La unanimidad es el recurso de quienes temen alzar su propia voz, expresarla individualmente, asumir su responsabilidad. Necesariamente siempre se negocia a la baja: por eso la ley recoge que la formación de la voluntad de los órganos colegiados se hace por mayoría y no por unanimidad.

Es inimaginable que Estrasburgo se hubiera atrevido a enmendar o cuestionar la calificación jurídica emitida por el Tribunal Supremo de España por muchos votos discrepantes que se hubieran emitido. En este caso, además, el cambio unánime de criterio alimenta las peores sospechas porque se produce en el sentido que más interesa al Gobierno, que lo había promocionado a través del recurso de doblarle el brazo a la Abogacía del Estado para debilitar la posición de la Fiscalía, y está pendiente de renovarse la presidencia del Poder Judicial, a la que aspiraría el propio Marchena.

La Sala evita, en una última concesión, aceptar la petición de los fiscales de impedir el acceso de los condenados al tercer grado antes de que se cumpla la mitad de la pena para no pronunciarse sobre su "peligrosidad" y porque han quedado inhabilitados. Es decir que, a la vista del antecedente de Oriol Pujol, la Generalitat podrá conceder a Oriol Junqueras un segundo grado en régimen abierto en cualquier momento. Y aunque no podrá ser cargo público, sí podrá dar mítines: él, que se ha reafirmado en que "lo volvería a hacer". Y el turrón, en casa.

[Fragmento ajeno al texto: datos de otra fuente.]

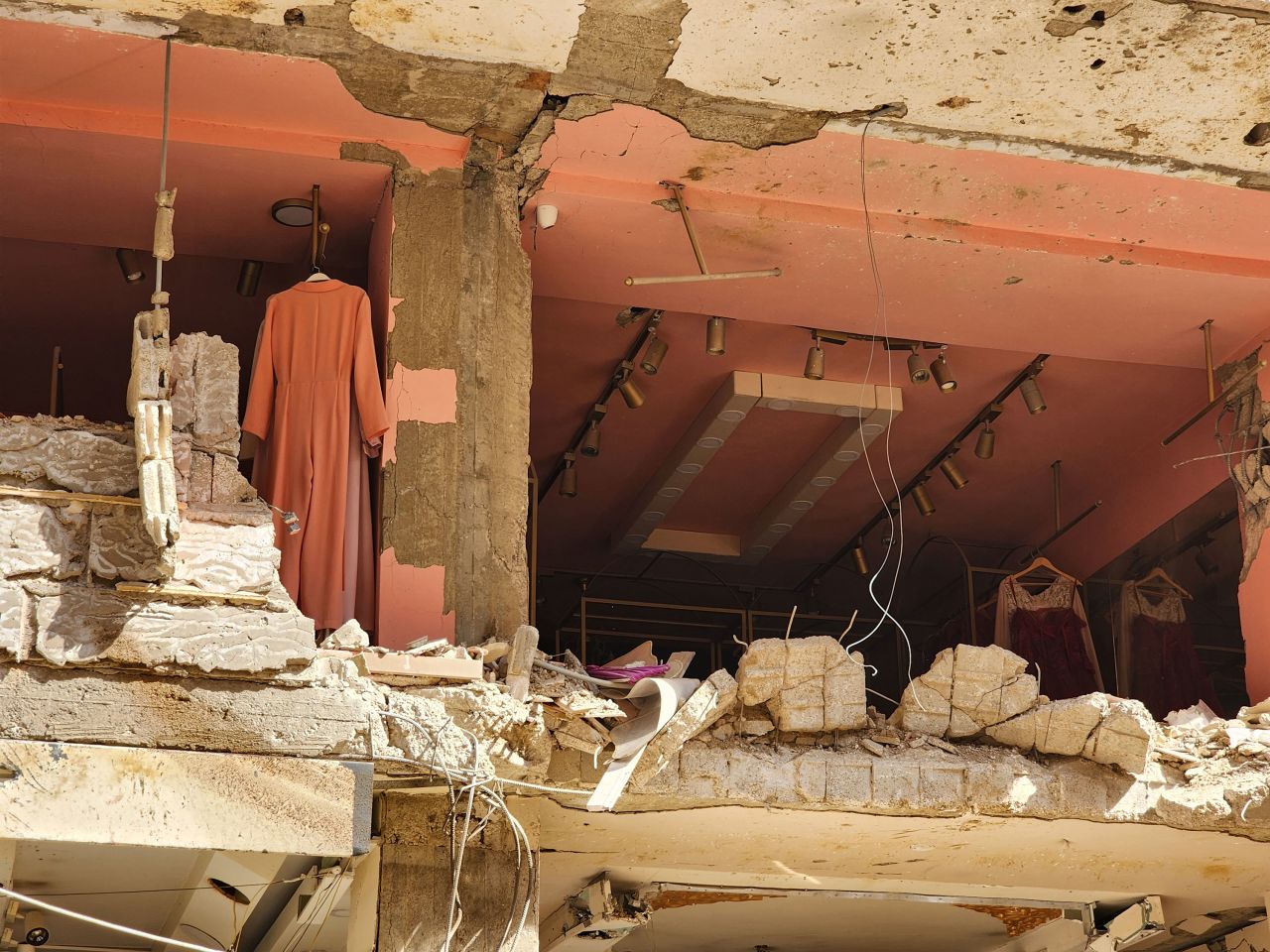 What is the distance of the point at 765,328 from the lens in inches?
362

La unanimidad perseguida y alcanzada por Marchena es el último síntoma de debilidad del Estado frente al desafío secesionista catalán, como antes lo fueron la pasividad de Mariano Rajoy mientras el golpe se desarrollaba ante sus ojos, la soledad de Pablo Llarena mientras todo un ministro de Hacienda torpedeaba su trabajo o la genuflexión de Pedralbes en vísperas del juicio, entre otras maniobras del Gobierno de Pedro Sánchez que contribuyeron a legitimar el mensaje subversivo de los independentistas.

Con todo, no estamos ante un fracaso absoluto. La respuesta puede no haber estado a la altura, pero el resultado está lejos de constituir un mensaje de impunidad.

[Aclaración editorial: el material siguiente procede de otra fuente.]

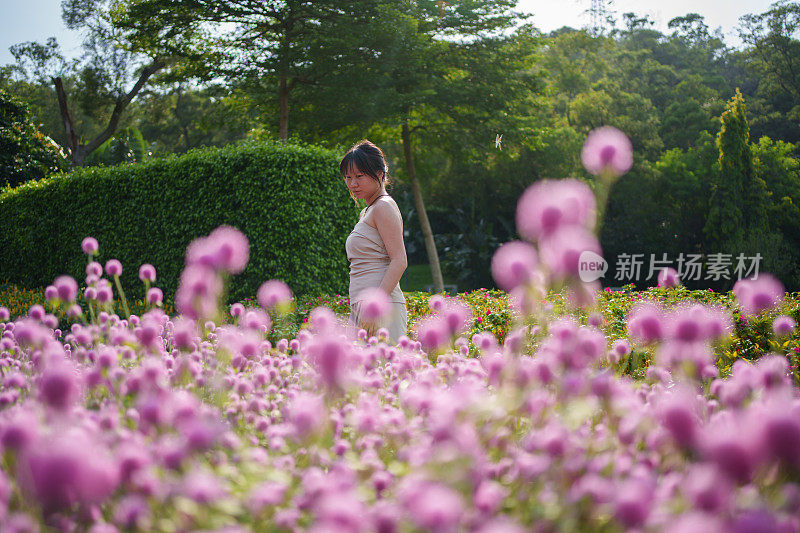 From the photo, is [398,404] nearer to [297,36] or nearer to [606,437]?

El Estado de Derecho, con sus achaques, está dispuesto a defenderse y el posicionamiento indiscutible de la opinión pública española condicionará cualquier salida política que quiera darse a la situación de Cataluña: no habrá ninguna solución de concordia que no pase por la garantía de la lealtad de las instituciones catalanas y el aseguramiento de los derechos fundamentales de todos los ciudadanos, empezando por los que padecen la exclusión del espacio público y la marginación por su origen, sus ideas o la lengua que utilizan para comunicarse. En definitiva, más Estado en Cataluña.

Joaquín Manso, periodista. Director adjunto de EL MUNDO.